%%
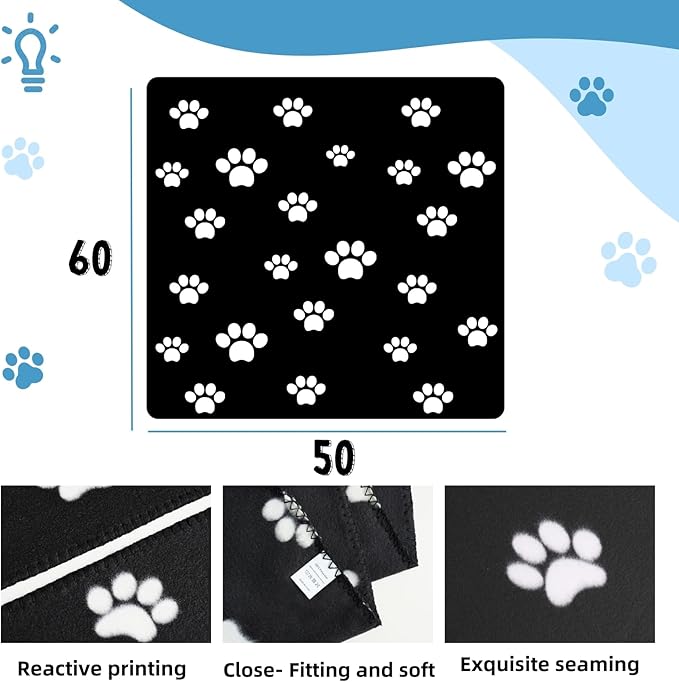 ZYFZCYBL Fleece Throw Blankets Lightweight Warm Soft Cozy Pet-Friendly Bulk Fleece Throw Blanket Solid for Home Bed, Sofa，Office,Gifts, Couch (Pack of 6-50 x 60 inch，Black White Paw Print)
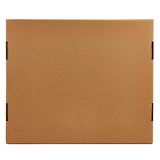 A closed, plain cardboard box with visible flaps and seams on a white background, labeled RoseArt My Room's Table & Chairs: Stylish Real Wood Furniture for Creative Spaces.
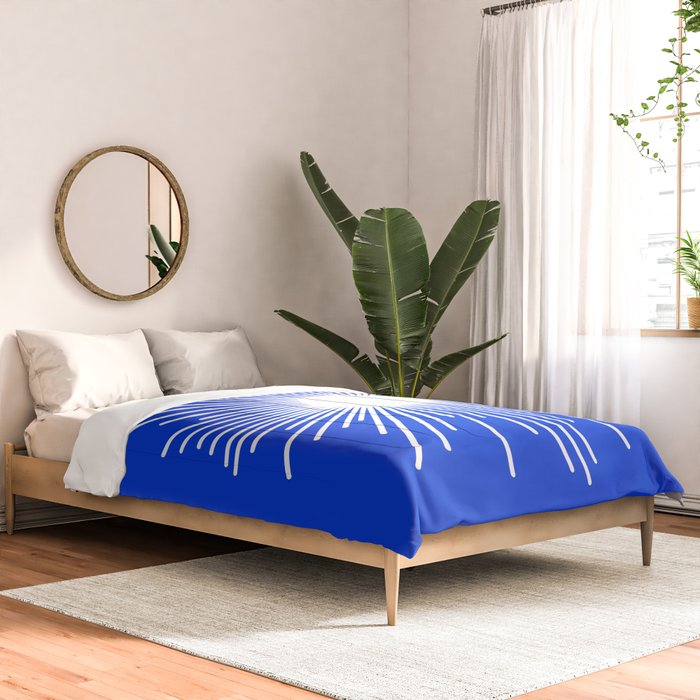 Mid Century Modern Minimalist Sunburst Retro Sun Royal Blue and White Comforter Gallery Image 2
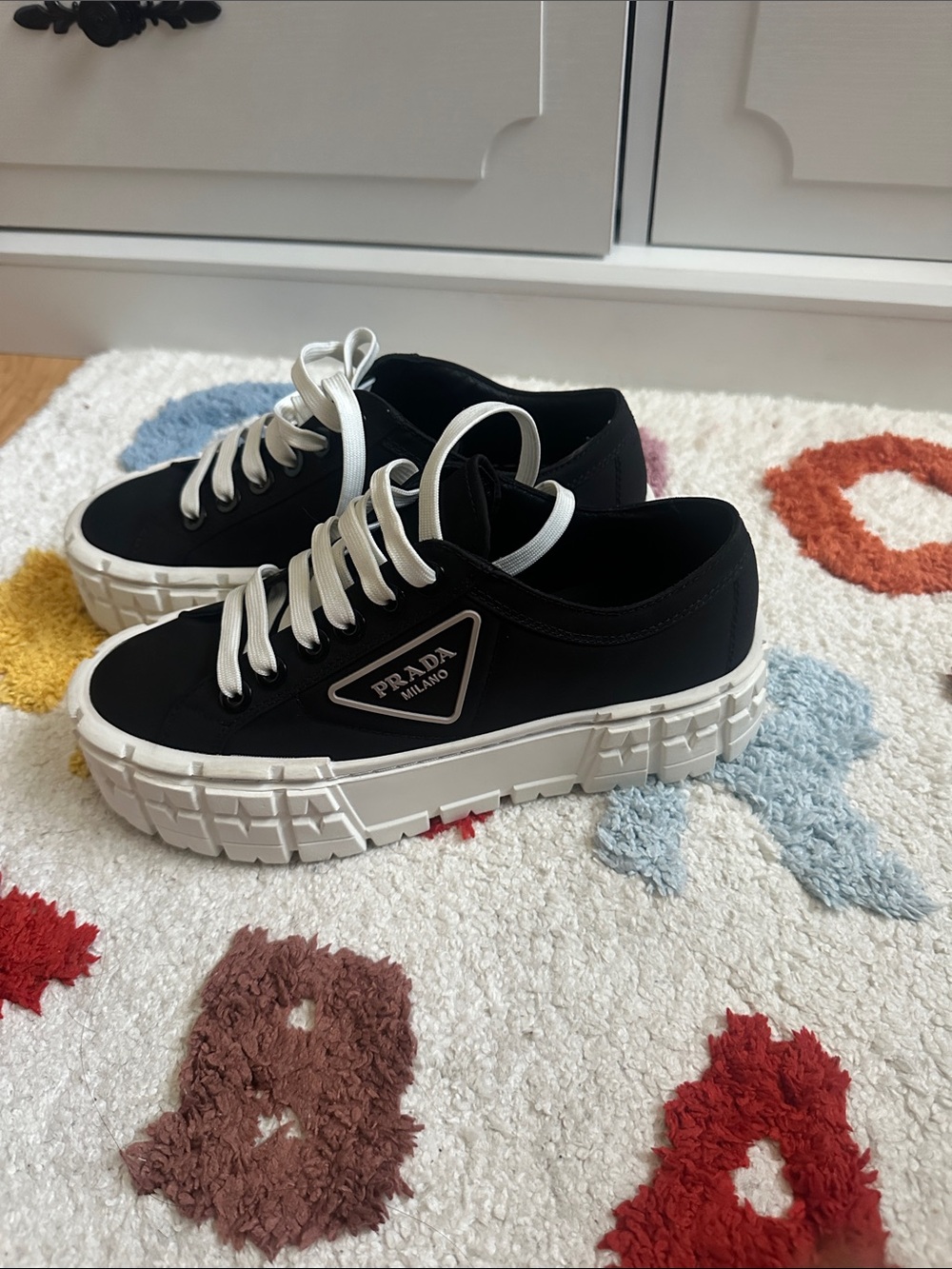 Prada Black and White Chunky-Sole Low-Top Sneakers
%%
%%
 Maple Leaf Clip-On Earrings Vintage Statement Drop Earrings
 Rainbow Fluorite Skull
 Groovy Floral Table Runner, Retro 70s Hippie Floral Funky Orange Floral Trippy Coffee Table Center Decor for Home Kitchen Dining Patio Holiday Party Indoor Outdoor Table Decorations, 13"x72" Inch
%%
## ABOUT THIS EXERCISE:
Output, from the data above, the lines from the line with "Maple Leaf Clip-On" to the line with "Groovy Floral Table" exactly as they stand, both ends included and nothing else.

## RESULT FOR THIS EXERCISE:
 Maple Leaf Clip-On Earrings Vintage Statement Drop Earrings
 Rainbow Fluorite Skull
 Groovy Floral Table Runner, Retro 70s Hippie Floral Funky Orange Floral Trippy Coffee Table Center Decor for Home Kitchen Dining Patio Holiday Party Indoor Outdoor Table Decorations, 13"x72" Inch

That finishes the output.